La Loi n°2016-1547 du 18 novembre 2016 portant modernisation de la Justice du XXIème siècle a réformé la procédure mise en place par la Loi du 26 mai 2004 et instauré dans son article 50 le divorce par consentement mutuel par acte sous signature privée contresigné par avocats et déposé aux rangs des minutes d’un notaire.

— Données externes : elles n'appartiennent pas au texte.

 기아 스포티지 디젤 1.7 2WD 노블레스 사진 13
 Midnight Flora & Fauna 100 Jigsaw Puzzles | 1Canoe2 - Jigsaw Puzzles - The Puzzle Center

Les nouvelles dispositions prévoient désormais que les époux peuvent consentir mutuellement à leur divorce par acte sous signature privée contresigné par avocats en toute hypothèse à l’exception de deux cas de figure :
le mineur, informé par ses parents de son droit à être entendu par le Juge, conformément aux dispositions de l’article 388-1 du code civil demande son audition,
l’un des époux se trouve placé sous l’un des régimes de protection prévu au chapitre 2 du titre 11 du présent livre.
L’article 229-3 du code civil prévoit les mentions obligatoires que devra comporter la convention. (nom, prénom, profession, accord des époux sur la rupture et les effets du mariage….)

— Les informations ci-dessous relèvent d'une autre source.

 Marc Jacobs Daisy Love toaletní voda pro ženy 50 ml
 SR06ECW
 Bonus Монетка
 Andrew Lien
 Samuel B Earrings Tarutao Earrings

L’article 229-4 du Code Civil dispose ensuite que l’avocat adresse à l’époux qu’il assiste par lettre recommandée avec demande d’avis de réception un projet de convention qui ne peut être signé, à peine de nullité, avant l’expiration d’un délai de réflexion d’une durée de 15 jours à compter de la réception.
La convention pourra être ensuite signée par les époux lors d’un rendez-vous avec leur avocat respectif.

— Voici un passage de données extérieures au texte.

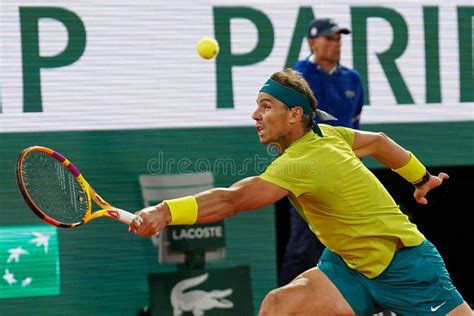 2022 Roland Garros Champion Shingo Kunieda Of Japan During Trophy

Sur ce point, la convention doit impérativement être signée en présence des deux époux et de leur avocat respectif, ce qui proscrit la signature en ligne !
La signature électronique est possible mais pas à distance !
Il n’est ainsi pas possible de divorcer en ligne car il faudra le jour de la signature se déplacer pour signer en présence de toutes les parties !
La convention est ensuite déposée aux rangs des minutes d’un notaire qui contrôle le respect des exigences formelles.
Le notaire s’assure également que le projet de convention n’a pas été signé avant l’expiration du délai de réflexion de 15 jours prévu à l’article 229-4 du code civil et que les enfants n’ont pas demandé à être entendus.
Ce dépôt par le notaire donne ses effets à la convention en lui conférant date certaine et force exécutoire.
Le divorce est donc dissout à la date à laquelle il acquiert force exécutoire, à moins que la convention n’en ait stipulé autrement conformément aux dispositions de l’article 262-1 du Code civil.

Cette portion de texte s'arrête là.